Вообще-то, жаловаться на непонимание не приходилось. В городе многие пользовались гороскопами Иеронима (что, безусловно, свидетельствовало о наличии в городе прогрессивно мыслящих людей). Были, конечно, и насмешники вроде этого, как его, ну, который на соседней улице живёт, ну да что взять с психопатической личности мажущей еженощно дома краской. Такие как он скорее поверят в байку о великане (в байку? Ну да, конечно в байку, Иероним ведь твёрдо решил, что ему привиделось, и в гороскопе потом так и вышло: в этот день склонность к галлюцинациям, он два раза проверял, а это железно, последующая проверка всегда была точней первой), так вот они скорее будут верить в эти сказки чем в опробованный метод, используемый, заметьте, не одним поколением. Вот где ваш великан, где я вас спрашиваю? Вот то-то же. А звёзды…

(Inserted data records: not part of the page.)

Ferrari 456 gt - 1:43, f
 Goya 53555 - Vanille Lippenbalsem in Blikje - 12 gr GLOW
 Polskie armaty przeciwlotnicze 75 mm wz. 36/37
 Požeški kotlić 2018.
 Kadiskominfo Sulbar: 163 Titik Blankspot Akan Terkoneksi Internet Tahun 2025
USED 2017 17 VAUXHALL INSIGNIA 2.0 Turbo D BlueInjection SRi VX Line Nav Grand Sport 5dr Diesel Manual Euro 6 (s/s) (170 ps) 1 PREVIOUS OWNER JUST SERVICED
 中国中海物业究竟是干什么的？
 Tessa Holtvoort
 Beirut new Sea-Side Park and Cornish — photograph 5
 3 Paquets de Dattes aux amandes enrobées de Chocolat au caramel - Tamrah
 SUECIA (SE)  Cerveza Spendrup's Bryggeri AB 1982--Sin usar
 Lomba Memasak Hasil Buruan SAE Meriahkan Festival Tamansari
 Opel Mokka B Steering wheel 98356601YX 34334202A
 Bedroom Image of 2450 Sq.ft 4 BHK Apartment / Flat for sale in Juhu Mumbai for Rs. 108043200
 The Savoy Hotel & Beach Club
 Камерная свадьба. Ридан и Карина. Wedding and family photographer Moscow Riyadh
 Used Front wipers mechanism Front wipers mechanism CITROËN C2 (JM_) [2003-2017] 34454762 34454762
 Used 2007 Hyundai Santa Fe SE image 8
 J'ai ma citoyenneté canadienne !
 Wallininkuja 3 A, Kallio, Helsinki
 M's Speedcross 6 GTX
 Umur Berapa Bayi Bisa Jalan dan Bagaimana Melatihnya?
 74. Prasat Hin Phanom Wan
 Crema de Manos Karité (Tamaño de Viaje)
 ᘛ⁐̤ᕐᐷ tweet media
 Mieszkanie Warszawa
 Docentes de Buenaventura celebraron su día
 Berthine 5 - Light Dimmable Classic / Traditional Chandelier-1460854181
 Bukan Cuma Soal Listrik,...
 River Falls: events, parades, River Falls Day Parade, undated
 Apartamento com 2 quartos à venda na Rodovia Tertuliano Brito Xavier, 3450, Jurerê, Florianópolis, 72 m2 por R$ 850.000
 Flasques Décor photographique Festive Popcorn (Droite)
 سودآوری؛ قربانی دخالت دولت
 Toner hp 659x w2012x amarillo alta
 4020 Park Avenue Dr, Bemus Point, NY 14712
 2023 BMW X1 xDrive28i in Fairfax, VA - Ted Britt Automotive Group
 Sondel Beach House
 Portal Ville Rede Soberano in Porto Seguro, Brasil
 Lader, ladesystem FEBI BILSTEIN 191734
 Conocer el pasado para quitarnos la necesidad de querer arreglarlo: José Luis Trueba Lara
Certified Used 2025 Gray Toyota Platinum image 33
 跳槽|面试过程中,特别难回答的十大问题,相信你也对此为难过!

Иероним взял телескоп и стал смотреть на небо. Вот он видит, что Венера сместилась в сферу Урана, по крайней мере, он решил, что это Венера, а там Уран, и смещение вроде как было. А вот крылатое создание летит куда-то с какими-то стропами или канатами. Подождите, это ещё что такое? Крылатое чудище с канатами. Иероним склонился над своим журналом и стал читать свой гороскоп на этот месяц. Точно как и в прошлый раз не заметил вот же влияние кентавра, склонность к видениям. Всё сходиться.
Я как раз докурил и вытряхивал трубку, когда услышал, как Леонард сказал:
- Ну, принёс, наконец.
Я обернулся и увидел Геруса, держащего в лапах канат.
Это была идея Леонарда, но я не разделял его энтузиазма. Во-первых, что руками, что канатом, мы великана не сдвинем, во-вторых…
- Мы всё равно его не сдвинем, нужны колёса, - сказал доктор.
- А где мы возьмём такие колёса? – поинтересовался Леонард.
- Сделаем,- сказал я. – Правда, это долго.
- Вот именно долго, а через два-три часа город начнёт просыпаться.
- Необязательно, - раздался голос Геруса. Мы обернулись и увидели, что он стоит над мешком, в котором едва заметным бирюзовым светом напоминал о своём существовании сонный порошок великана. Мы переглянулись.

***

Герус обещал что опылнние города займёт не больше часа, и мы решили потратить это время с умом. То есть каждый напрягал ум, выдовал свои соображения остальным и начинал яростно их отстаивать. Спор шёл жаркий. Во-первых доктор, этот индивидуалист никак не желал проникатся важностью момента и отказывался участвовать в общем деле. Мы допустили важную тактическую ошибку, точнее её допустил Леонард, отвесив горгулье подзатыльник, что лишило нас возможности запугать доктора чудовищем. Обрзованные люди не бояться чудовищ которых бьют старые сторожа.
Но там где нет помощи от существ сверхъестественных, на помощь спешат существа реальные. Леонард пригразил доктору разоблачением и тот тут же согласился. Мне даже показалось, что как-то уж слишком быстро. Он молча о чём-то думал и странно поглядывал на великана. Вот тут-то на мой взгляд и крылась проблема с доктором.